Il niente in tv
Come guadagnare 267 milioni di dollari discutendo mezz’ora sul secondo bottone della camicia.
Chi avrà mai voglia di vedere ebrei che vagano per New York comportandosi da nevrotici?”. Ebrei, al plurale, quindi la citazione non può riferirsi a Luis C. K. che nella serie “Louie” vaga per New York comportandosi da nevrotico.

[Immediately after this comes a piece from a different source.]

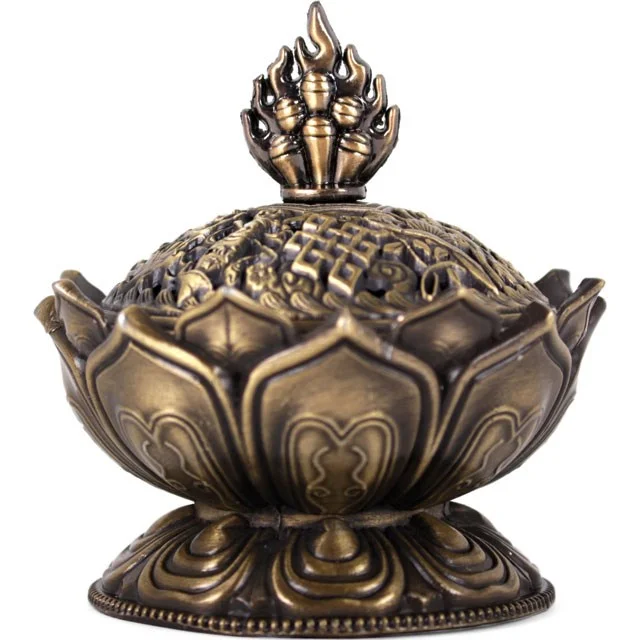 Brass metal incense cone holder shaped like a lotus flower with smoke curling through the top lid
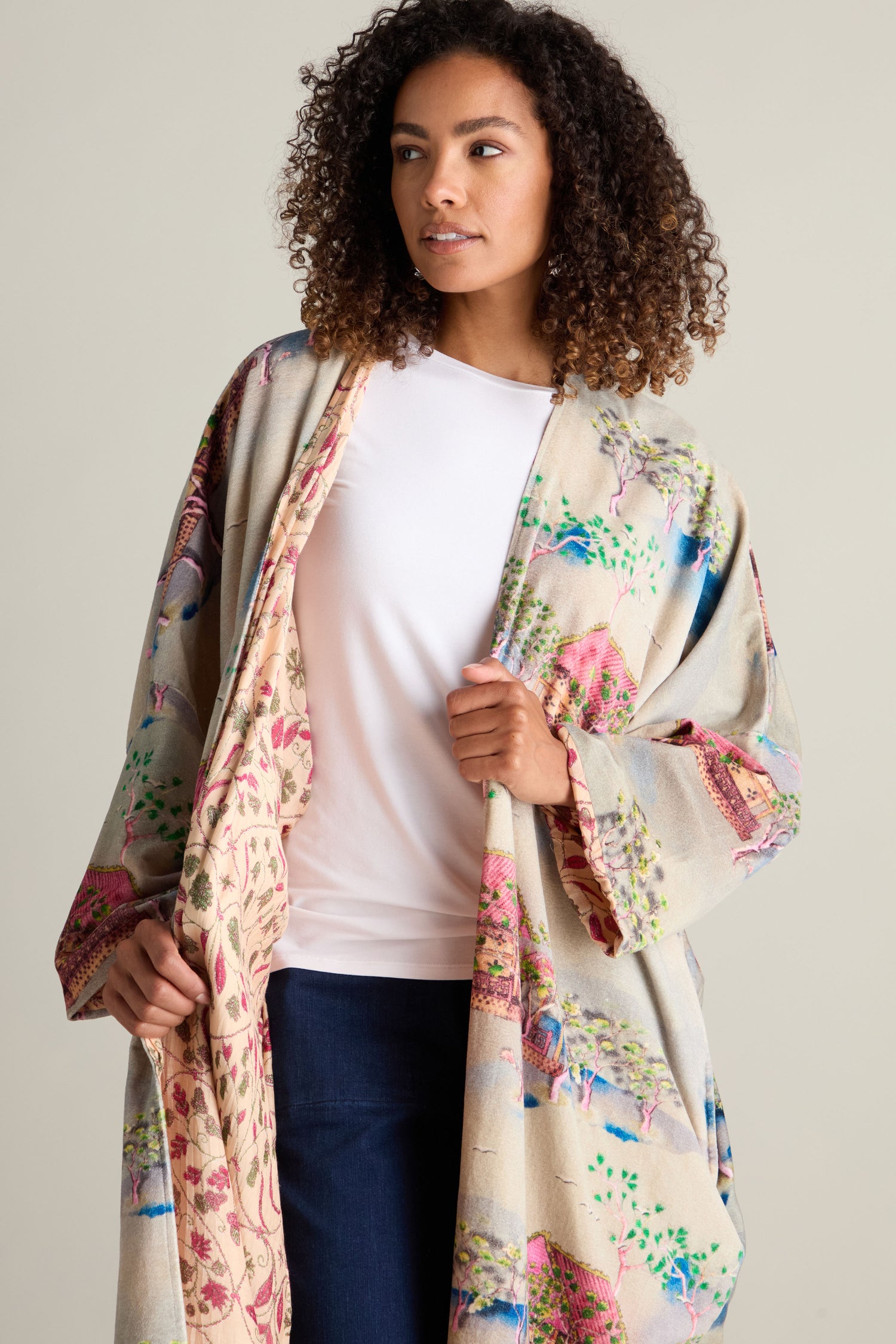 A woman with curly hair wears a luxurious Landscape Velvet Coat with a Japanese landscape print over a white shirt and blue jeans.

Né a Sarah Silverman, titolare della battuta scorticante: “Il mio fidanzato mi ha regalato una medaglietta di San Giuseppe e ha aggiunto ‘se non ti brucerà la pelle ti proteggerà’”. Neppure a Amy Schumer, che in un tweet furioso – le avevano contestato una battuta sui messicani – si è firmata “a dirty half-jew” (per parte di papà, neanche la metà giusta).

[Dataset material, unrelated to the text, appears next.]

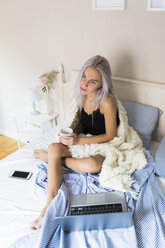 Nachdenkliche junge Frau im Bett mit einer Tasse Kaffee und einem Laptop - GIOF03494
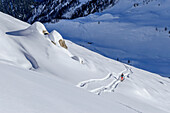  Woman on ski tour ascending to Junsjoch, Junsjoch, Tux Alps, Tyrol, Austria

Dobbiamo andare più indietro, alle origini di “Seinfeld”. La serie “sul nulla” sarebbe andata in onda dal 1989 al 1998, ma nessuno allora lo immaginava. Nessuno aveva previsto i 267 milioni di dollari guadagnati da Jerry Seinfeld con l’ultima stagione. E c’era un’offerta di 5 milioni da moltiplicare per 22 puntate, se solo avesse concesso la decima (si accontentò dei 32 milioni annui per i diritti di replica e la copertina di Time). L’obiezione sugli ebrei nevrotici vaganti per New York era stata avanzata da Brandon Tartikoff, presidente della Nbc (nonché ebreo newyorchese, lui poteva). Gli tenne testa un altro dirigente: “non sono ebreo, non sono di New York, mi sono divertito”. Racconta l’aneddoto Jennifer Keishin Armstrong, in un libro anticipato da Entertainment Weekly (uscirà il 5 luglio, anniversario della prima messa in onda, da Simon & Schuster). Titolo: “Seinfeldia – Lo show sul nulla che cambiò ogni cosa”. I dirigenti della Nbc avevano appena visto “The Seinfeld Chronicles”, puntata pilota della sit-com. In realtà, la tv aveva commissionato a Jerry Seinfeld e al complice Larry David – il borbottone scelto da Woody Allen per “Basta che funzioni” – uno speciale di 90 minuti da mandare in onda quando il “Saturday Night Live” sarebbe stato sospeso per le meritate vacanze (non esiste lavoro più usurante che far ridere la gente). Ma il prudente Seinfeld pensava di non farcela a riempire un’ora e mezza. Decise per la mezz’ora: lezione che i comici italiani dovrebbero imparare prima che sia troppo tardi.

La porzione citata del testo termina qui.